Hayes has two central indictments of meritocracy. On the one hand, while it claims to offer the only sure pathway to upward social mobility for the talented children of the working class, the institutions that meritocracy spawns can be all too easily gamed by privileged families to advantage their children. Noting recent trends in upper-middle class family life, where elaborate preparation for the meritocratic struggle often begins before kindergarten, Hayes asserts that meritocratic success inevitably becomes self-sustaining over-time. On the other hand, in relentlessly promoting brilliance and achievement, the American meritocracy has produced a generation of greedy and ruthless strivers who, he says, lack the moral compass of the older elite. The “best and the brightest” are fraudulent (such as Enron executives or teachers cheating by correcting their students’ test), incompetent (such as the bright people around Vice President Dick Cheney who led the U.S. into a disastrous war in Iraq and provided intellectual justifications for torture), and greedy (such as CEOs seeking salary grabs, setting investment banking practices, or securitizing subprime mortgages).

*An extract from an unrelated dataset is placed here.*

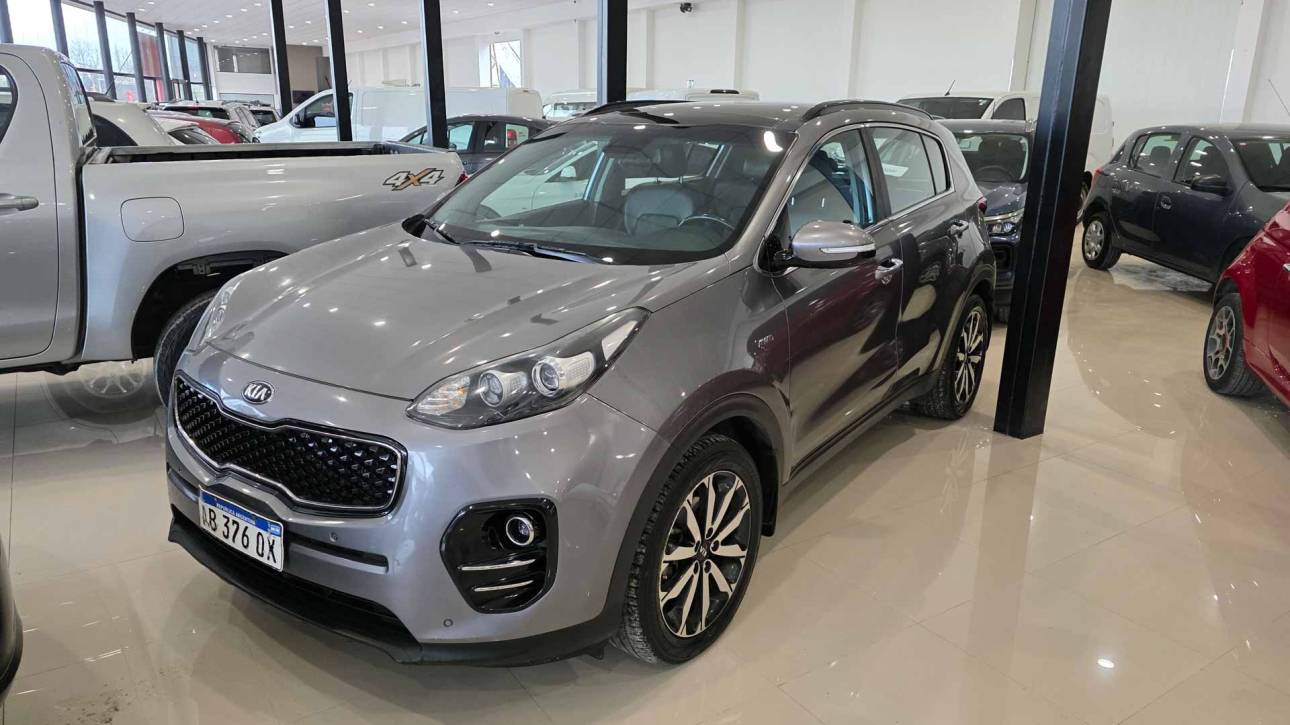 Kia Sportage Ex 2.0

In reconstructing the history of meritocracy, Hayes provides a valuable service. But his account fails to cast a sufficiently wide comparative-historical lens to support the conclusions he draws. Some version of meritocracy reigns nearly everywhere, but it does not everywhere produce the same bad outcomes as those found in the United States. International comparisons quickly remind us that public policies in other nations can and do generate meritocratic systems that do a much better job of providing equality of opportunity while simultaneously capping the rewards for the winners. Education-based meritocratic social systems are not the problem, but rather how and in what ways they are implemented.
Noah and Hayes, unlike Murray, appear to take social science seriously.

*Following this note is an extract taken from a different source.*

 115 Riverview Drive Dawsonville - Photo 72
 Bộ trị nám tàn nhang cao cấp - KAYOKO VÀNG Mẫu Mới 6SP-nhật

Nor does Hayes’ succeed in his argument about the sources of corruption among elites, as he fails to offer a convincing account of why meritocratic institutions have produced a bumper crop of cheaters who are constantly striving to get ahead (as compared to the old elite that was more restrained). Sociological accounts of cheating are straightforward. One explanation is that rising inequality increases incentives for elites to cheat, since the stakes have grown so irresistibly high. The other explanation is that financial deregulation and other forms of regulatory breakdown have simply made it easier for elites to advance their material interests than in earlier eras. Cheating per se is not the crux of the matter. Many people cheat on their taxes, but only the super-rich can benefit from quasi-legal offshore income sheltering schemes. So are elites really necessarily more corrupt than their less well-off brethren? I am skeptical. Yes, CEOs claim as much salary and other rewards as they can get away with, but they are not so different from the rest of us.

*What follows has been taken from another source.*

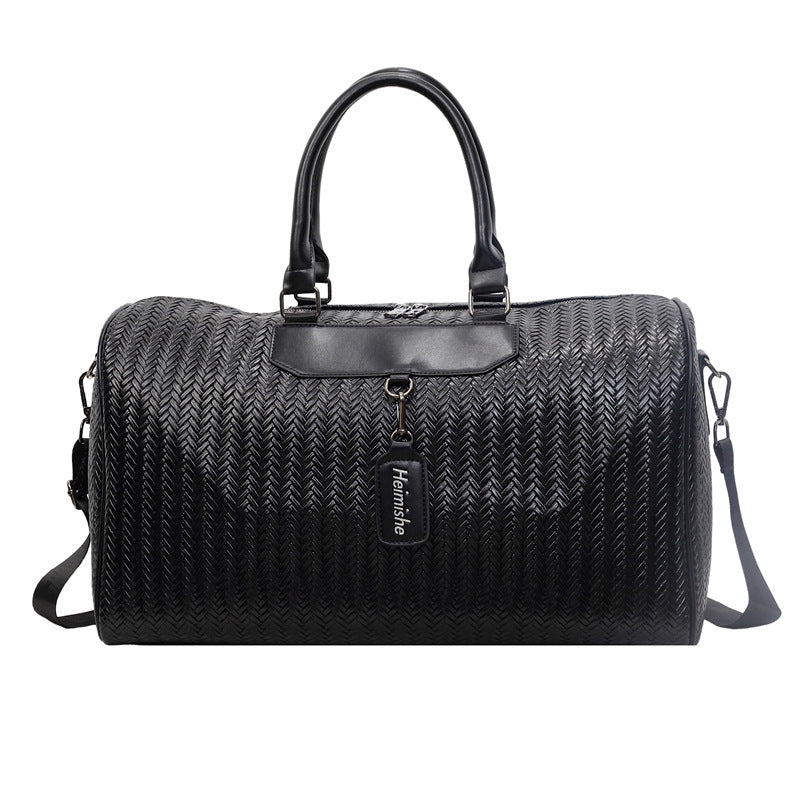 Multi-Funktionale Gewebte Reise Duffle Bag Karnz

Barack Obama’s victory in the 2012 presidential election has blocked, at least for now, the adoption of the kinds of policy measures, such as the renewal or expansion of Bush-era tax cuts, that would have furthered the gains at the top. However, after a remarkably limited compromise on taxing high earners in early 2013 and policy stalemate on all other fronts, there is little sign that anything in the near future might reverse these trends. In particular, the policy shifts that will help working class families start to see higher wages seem far off at the present. The critically important task of keeping public interest and attention on the causes and consequences of rising inequality will continue for the foreseeable future.